As Karni Sena acted like the B-team of the ruling BJP in states like Rajasthan, Maharashtra, Gujarat, Haryana and Madhya Pradesh, as chief ministers like Vasundhara Raje, Shivraj Singh Chouhan, Vijay Rupani, ML Khattar, among others spoke in favour of banning the film that supposedly hurt Rajput sentiments in an election-bound year, no semblance of law and order remained, neither was it prioritised.

Karni Sena was allowed to terrorise people at will, set properties to fire, burn down cinema halls in Gujarat, and even outrage newsanchors on national television.

With 79 cuts, a delayed release and rows with the censor board and the government, Padmaavat became the only story to come out of India, eclipsing many other stories, until the Gujarat elections were over.

However, a forward, historically well-off caste got to latch on to the hurt sentiments bandwagon, and demand more cultural capital, more eyeballs, more conversation at a time when jostling for narrative space and economic handouts has become a tried and tested strategy among the increasingly insecure upper castes such as Gujjars, Patidars, Jats, etc.


Karni Sena leaders like Suraj Pal Amu and Lokendra Kalvi have become national sensations in a threatening way, even as the group’s desperation reached an ugly crescendo when a school bus in Gurgaon was attacked, imperiling children.

That turned the tide somewhat. What kind of honour allowed the protestors to attack kids, many asked, appalled, disgusted. But the cycle of violence came to a halt only after the film was released at last on January 25, to much critical disdain


Bhansali’s Padmavaat was, expectedly, found to be a technologically dazzling work of regression. The cartoonesque dialogues, the tin-pot characterisation of ridiculous binaries, the Good Hindu versus Terrible Muslim stereotype, the internal civilisation versus invading anarchy false duality – every element in the film screamed out loud for Karni Sena’s undiluted adulation, hurt at being misunderstood, as it were.

This was Karni Sena’s wet dream, distilled and decked up to dazzling ends. This was what Karni Sena had been burning private properties and assaulting individuals to assert, provided on a spectacular platter of cinematic grandeur.

The difference between fiction and history, myth and facts, politicised revision and objective retelling was blurred, both in the film and in Karni Sena’s conduct. The lost privilege was somewhat taken back, at a time when equality feels like oppression to India’s upper caste vanguards of honour.
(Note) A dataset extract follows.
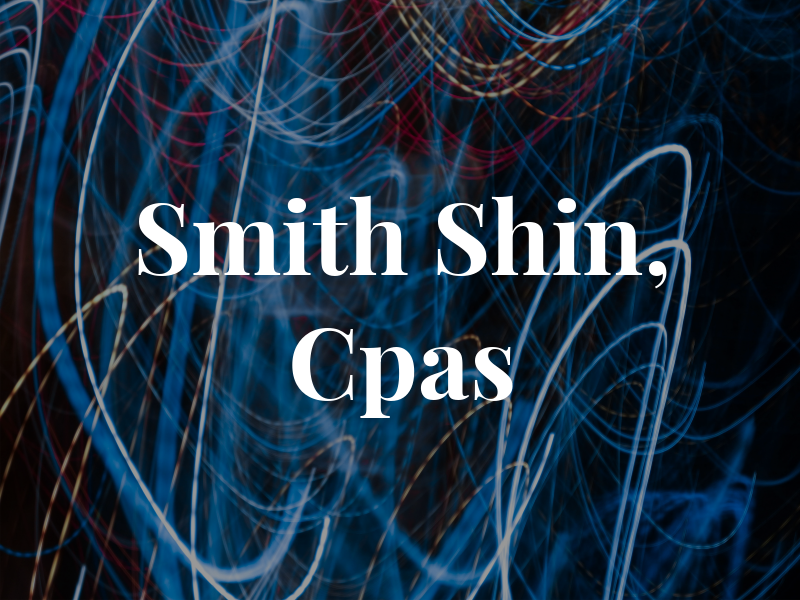 Smith and Shin, Cpas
With the conversation menacingly justifying mass female immolation at a time when India has lost out 63 million women to female foeticide and other systemic neglects, is only one indication of how unpardonable violence has crept into our national psyche, how the unacceptable has now been gentrified into social media trends and hashtags. 

As it has been astutely observed, Padmaavat was just a convenient peg for Karni Sena to hang its caste insecurities ​on. There will be more Padmaavats in times to come, especially in and around election time in an India witnessing identity fault lines hardening like never before.